● What is required: Set down all of the entries below exactly, and omit the pictures.

START Data excerpts

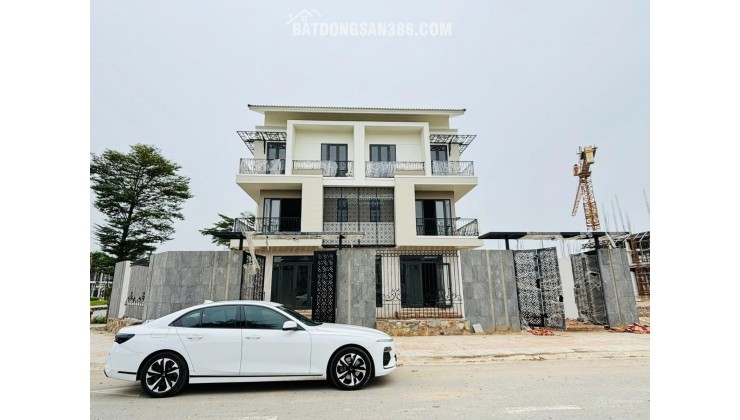 NHÀ ĐẦU TƯ GIỎI KHÔNG MUA NHÀ... HỌ MUA GIÁ TRỊ TƯƠNG LAI.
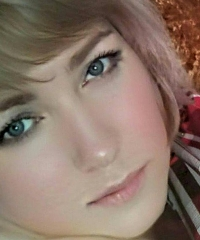 Image of user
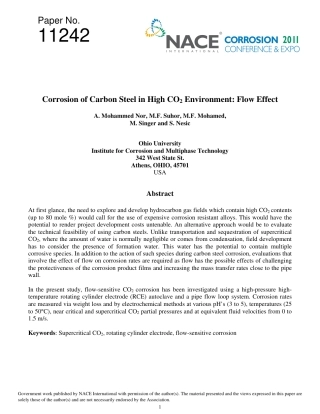 NACE Paper 11242-2011.pdf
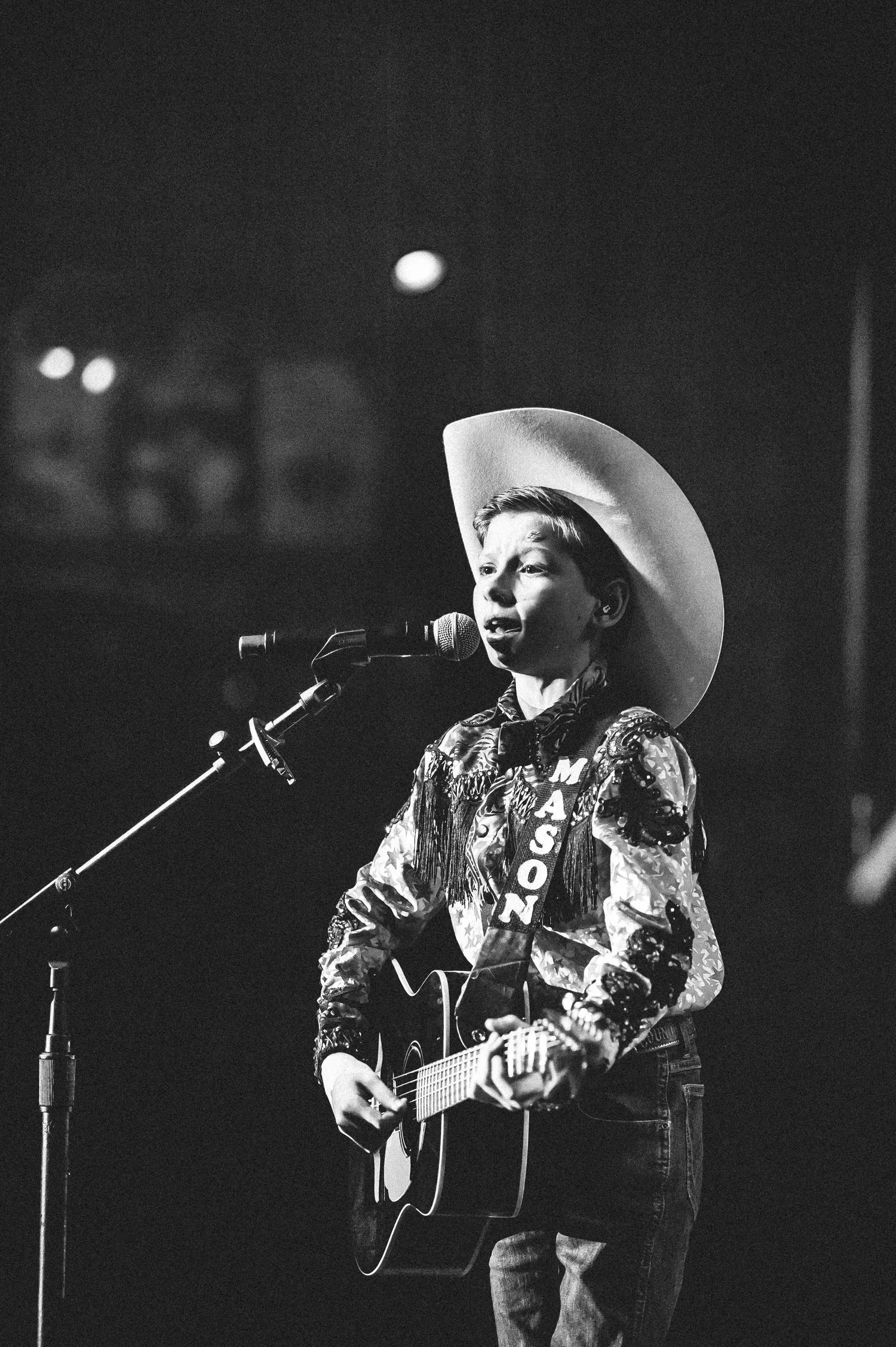 JordanHefler_MasonRamsey_BatonRouge-2914.jpeg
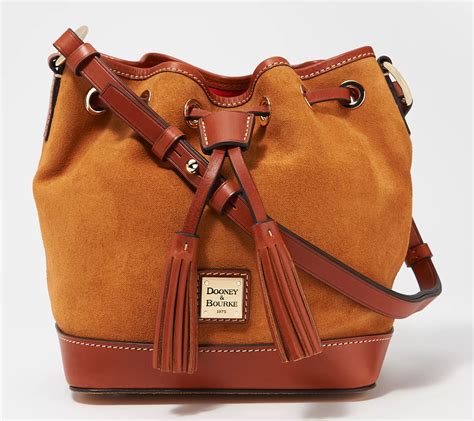 Discontinued Dooney And Bourke Bags Keweenaw Bay Indian Community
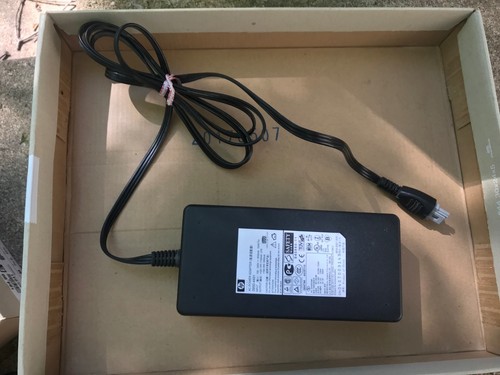 Genuine 0950 4491 32v - hp,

END Data excerpts

● Output of the task:
 NHÀ ĐẦU TƯ GIỎI KHÔNG MUA NHÀ... HỌ MUA GIÁ TRỊ TƯƠNG LAI.
 Image of user
 NACE Paper 11242-2011.pdf
 JordanHefler_MasonRamsey_BatonRouge-2914.jpeg
 Discontinued Dooney And Bourke Bags Keweenaw Bay Indian Community
 Genuine 0950 4491 32v - hp,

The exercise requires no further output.